Depuis 1992 donc, Nantes affronte cette histoire en lien avec l’esclavage et la traite avec plus ou moins de vigueur. 2021 promet d’être une de ces années intenses en commémorations, à l’occasion des 20 ans de la loi Taubira. Dès la mi-octobre, l’exposition « L’abîme, Nantes dans la traite atlantique et l’esclavage colonial » montrera au musée d’histoire de la ville les découvertes les plus récentes des historiens concernant ce passé esclavagiste. « Par exemple, nous expliquerons aux visiteurs qu’au milieu du 18e siècle, entre 600 et 700 personnes réduites en esclavage vivaient à Nantes, avec ceux qui les possédaient » souligne Krystel Gualdé, directrice scientifique du musée.

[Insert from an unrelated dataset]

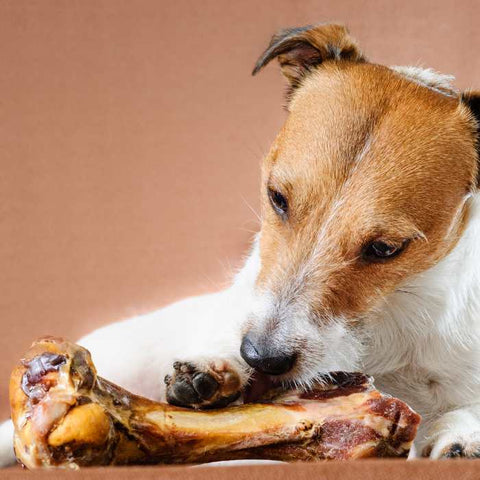 dog eating bones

Les historiens ont également pu recenser les prénoms de ces personnes-là. Parmi eux, on note « Thérèse l’amourette », « Désir », ou encore « Cupidon ». De quoi mieux cerner les intentions de leurs « maîtres »…
Portrait de Marguerite Deurbroucq, née Sengstack, avec une esclave noire.
Ces noms seront projetés sur un mur lors de l’exposition. « Aujourd’hui, nous pouvons nous permettre d’évoquer la question des violences sexuelles. Grâce à la loi Taubira, les élèves apprennent l’histoire de l’esclavage à l’école. Ainsi, nous pouvons partir de cette base là pour aller plus loin et ne pas se contenter de simplement rappeler les grands faits historiques » poursuit Krystel Gualdé.
« Si le niveau de connaissance sur la question est élevé à Nantes, il faut tout de même rester vigilant. Comme en témoigne l’actualité, l’imaginaire de cette histoire reste prégnant. Pour moi, les prochaines étapes sont la création d’un mémorial au palais des Tuileries et un musée national qui raconte l’histoire de l’esclavage, de la traite et de la colonisation» souligne Jean-Marc Ayrault, également président de la fondation pour la mémoire de l'esclavage.
En attendant, Nantes poursuit son devoir de mémoire, entre les nouvelles découvertes des historiens et les débats soulevés par la manière de narrer le passé.